The nurse in charge on the evening shift came into the room and spoke to Sophie and Cathy. 'Could you both possibly stay longer?' she asked. 'The standby teams have already come in...there's no one else.'

Sophie nodded. 'All right,' she said. 'I'll just have to make a phone call.'

'I'll stay,' Cathy Stravinsky said.

'Thank you. We're going to do it in room five, which is empty. I'm getting it set up now. Can you scrub, Sophie? Have you done this before?'

'Yes, I'm familiar with it,' Sophie said.

The head nurse hurried out of the room. Not long after, when their patient with the gunshot wound had been transferred to the recovery room, the surgical team transferred to operating room five.

 

It was ten o'clock when Clay finally got out of operating room five. Thankfully he went over to a scrub sink and, taking off his cap, face mask and goggles, splashed cold water over his face, head and neck. 'Ah, that's better,' he said. He was dead tired.

The others came out to do the same, except Jason, Clay noted, who must have gone to the recovery room to make sure his patient was stabilized. It had been touch and go oft several occasions, but the man had survived. They had used many units of blood.

'Can I give you a ride home, Cathy?' Claude Moreau addressed Cathy Stravinsky as she rinsed her hands at the sink and dabbed her face with cold water. 'I should be ready to go in about twenty minutes.'

'Yes...please,' Cathy said, her face lighting up. 'I don't fancy getting the street-car.' She was an attractive young woman in a slightly unusual way, with her very dark eyes, almost black, and her thin, delicate features, framed by rich, dark, wavy hair.

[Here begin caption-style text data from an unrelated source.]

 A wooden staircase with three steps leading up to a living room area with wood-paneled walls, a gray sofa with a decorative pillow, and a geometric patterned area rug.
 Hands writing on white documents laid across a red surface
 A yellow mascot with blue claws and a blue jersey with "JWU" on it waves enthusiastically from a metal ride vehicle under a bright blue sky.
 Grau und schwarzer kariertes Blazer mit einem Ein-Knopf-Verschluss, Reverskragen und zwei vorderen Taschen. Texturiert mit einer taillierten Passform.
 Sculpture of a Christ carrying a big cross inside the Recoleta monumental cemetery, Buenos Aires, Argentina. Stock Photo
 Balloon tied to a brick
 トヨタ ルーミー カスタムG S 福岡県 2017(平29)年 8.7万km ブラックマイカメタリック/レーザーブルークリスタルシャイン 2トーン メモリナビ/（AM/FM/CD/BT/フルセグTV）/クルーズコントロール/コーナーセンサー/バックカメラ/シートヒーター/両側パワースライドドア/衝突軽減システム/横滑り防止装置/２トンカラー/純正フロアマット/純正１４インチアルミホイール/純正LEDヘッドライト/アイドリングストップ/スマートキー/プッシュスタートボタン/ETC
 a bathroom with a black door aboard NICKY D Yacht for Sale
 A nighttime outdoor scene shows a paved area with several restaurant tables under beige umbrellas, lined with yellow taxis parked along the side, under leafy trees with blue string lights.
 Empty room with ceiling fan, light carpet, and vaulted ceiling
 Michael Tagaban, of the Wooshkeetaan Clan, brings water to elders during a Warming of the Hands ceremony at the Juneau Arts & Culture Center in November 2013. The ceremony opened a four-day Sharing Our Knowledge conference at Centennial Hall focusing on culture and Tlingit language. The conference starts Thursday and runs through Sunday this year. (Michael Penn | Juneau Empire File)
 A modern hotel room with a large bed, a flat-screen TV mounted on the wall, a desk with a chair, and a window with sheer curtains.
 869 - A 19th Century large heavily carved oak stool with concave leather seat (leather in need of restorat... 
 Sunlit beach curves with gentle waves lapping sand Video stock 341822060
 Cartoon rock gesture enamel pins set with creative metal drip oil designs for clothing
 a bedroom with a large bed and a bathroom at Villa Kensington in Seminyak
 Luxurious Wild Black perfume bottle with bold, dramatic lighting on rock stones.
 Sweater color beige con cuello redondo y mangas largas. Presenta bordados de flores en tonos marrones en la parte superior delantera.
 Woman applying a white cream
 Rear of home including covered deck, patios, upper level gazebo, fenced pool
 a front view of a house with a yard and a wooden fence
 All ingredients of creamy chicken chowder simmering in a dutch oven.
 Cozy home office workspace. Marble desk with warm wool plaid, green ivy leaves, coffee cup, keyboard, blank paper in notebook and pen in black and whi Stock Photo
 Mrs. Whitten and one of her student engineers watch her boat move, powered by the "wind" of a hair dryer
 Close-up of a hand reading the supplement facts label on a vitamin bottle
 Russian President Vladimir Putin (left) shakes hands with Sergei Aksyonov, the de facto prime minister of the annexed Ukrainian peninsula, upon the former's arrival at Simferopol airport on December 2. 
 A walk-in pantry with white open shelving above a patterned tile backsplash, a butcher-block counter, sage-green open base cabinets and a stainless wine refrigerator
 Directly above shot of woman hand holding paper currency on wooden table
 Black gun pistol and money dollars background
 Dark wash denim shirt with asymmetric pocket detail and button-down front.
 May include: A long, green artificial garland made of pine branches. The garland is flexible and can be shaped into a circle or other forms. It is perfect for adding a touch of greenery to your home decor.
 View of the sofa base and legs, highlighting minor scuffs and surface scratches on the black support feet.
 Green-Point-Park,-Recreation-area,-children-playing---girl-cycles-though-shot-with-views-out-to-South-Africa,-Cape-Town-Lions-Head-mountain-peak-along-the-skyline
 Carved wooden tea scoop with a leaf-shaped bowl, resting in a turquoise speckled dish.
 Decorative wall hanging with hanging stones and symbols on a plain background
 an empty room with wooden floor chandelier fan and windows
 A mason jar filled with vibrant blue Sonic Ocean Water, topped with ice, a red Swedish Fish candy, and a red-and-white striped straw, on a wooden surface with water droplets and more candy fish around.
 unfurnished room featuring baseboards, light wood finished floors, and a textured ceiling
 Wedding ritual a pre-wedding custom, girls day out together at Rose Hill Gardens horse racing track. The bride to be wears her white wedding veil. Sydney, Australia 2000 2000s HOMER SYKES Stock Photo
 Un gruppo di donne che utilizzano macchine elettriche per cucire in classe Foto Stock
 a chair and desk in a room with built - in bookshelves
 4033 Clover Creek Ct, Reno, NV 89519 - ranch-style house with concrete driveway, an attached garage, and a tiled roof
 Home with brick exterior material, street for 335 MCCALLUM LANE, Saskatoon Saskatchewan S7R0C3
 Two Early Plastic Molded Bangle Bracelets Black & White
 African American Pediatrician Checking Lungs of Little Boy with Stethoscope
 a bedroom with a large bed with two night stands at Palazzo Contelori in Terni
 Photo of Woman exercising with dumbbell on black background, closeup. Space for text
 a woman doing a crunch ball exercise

When they left, Clay was left alone with Sophie. 'Well, Sophie,' he found himself saying, not to be outdone by Claude, 'could I give you a ride home—now that I know where you live?' He surprised himself.

'Well...' Her hesitation was obvious.

'It's no trouble.' Clay took a handful of paper towels and dried his wet hair as she hovered uncertainly at the scrub sinks. He thought how pretty she was, with her damp hair clinging to her cheeks, and how tired she looked with dark shadows under her eyes.

'That's very kind of you,' she said at last. 'Thank you.'

Clay wondered why she had to be so formal with him. 'You were great with the aneurysm case,' he said. 'Did you feel up to it?'

A look of surprise came to her face, and he knew he'd made a
faux pas
again. 'I didn't mean...' he began, knowing that his remark had implied that she couldn't cope. 'What I meant was that you must have felt very tired, having put in a full day and then working all evening as well.'

'Yes, I'm exhausted,' she admitted, 'but no more so than you, I imagine, Dr Sotheby.' Her expression had tightened.

Self-consciously she smoothed her untidy hair behind her ears as he looked at her in silence. Their eyes met and held. For a few moments he felt mesmerized by her, uncharacteristically finding himself tongue-tied. He wanted to reach out and touch her, to cup his hand round her pale cheek, to caress her mouth with his thumb...to draw her to him, to kiss her.

There was something in the depths of her expressive eyes that made him feel she knew what he was thinking as the silence between them deepened. She was about three feet away from him. He had only to take a step and...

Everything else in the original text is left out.